As someone with a 17 yr old, 5 dn's and decades of experience looking after other people's children - I find these threads are excellent for spotting the parents of children who will not be INVITED to parties in the near future.
Abuse is wrong but discipline is a necessary part of parenting and that seems to be getting forgotten imo in recent years. It does children NO favours not to discipline them. Not to teach them boundaries and what is acceptable behaviour.
Op yanbu to follow through.
1 a party is the last thing he needs if he's tired and on edge
2 kids - yep even 4 year olds - are not stupid. You back out of a threat they will smell blood 😂 it weakens your position in the future.
3 he absolutely IS old enough to understand this is a consequence of his poor behaviour
4 it would be unfair on the birthday child and their family to have to tolerate a poorly behaved child possibly upsetting others.
Graduated discipline (which the op has ALREADY DONE) is completely sensible, but at some point as a parent you have to say enough is enough or else you're going to be raising a child who doesn't understand boundaries and that is going to impact on friendships and achievements.
I've seen long term the effects of soft parenting, it doesn't serve the children well.
"I'm seeing the results of the kids who "are just 4" "are just little" "are behaving that way because overtired" and who didn't have parents who followed through." Exactly!

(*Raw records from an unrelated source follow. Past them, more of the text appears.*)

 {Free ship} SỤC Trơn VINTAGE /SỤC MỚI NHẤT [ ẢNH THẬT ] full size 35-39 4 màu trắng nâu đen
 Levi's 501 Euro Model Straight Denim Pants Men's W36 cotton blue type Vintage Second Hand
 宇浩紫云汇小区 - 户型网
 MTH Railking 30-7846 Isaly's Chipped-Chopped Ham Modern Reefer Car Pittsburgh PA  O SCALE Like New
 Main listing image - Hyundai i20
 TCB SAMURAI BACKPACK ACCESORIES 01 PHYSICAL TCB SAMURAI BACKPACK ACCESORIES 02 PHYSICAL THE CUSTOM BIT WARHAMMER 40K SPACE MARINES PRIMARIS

I've seen it particularly with a girl my dd was friends with from primary but her mum NEVER followed through. As a result she's very entitled and has lost all her close friends now, the "friends" she has now are only friends with her because of what she can provide them (single mum and nrp dad both ridiculous on material stuff to assuage their "guilt" on her not having a traditional family)
My sisters children the same is happening. We're Nc but small locale so stuff gets back to me. Her eldest (a very bright, confident child) is repeatedly getting in trouble at school, middle child is struggling to make friends, youngest is still tantrum central aged 5.
I've seen the difference with children I've minded/nannied too.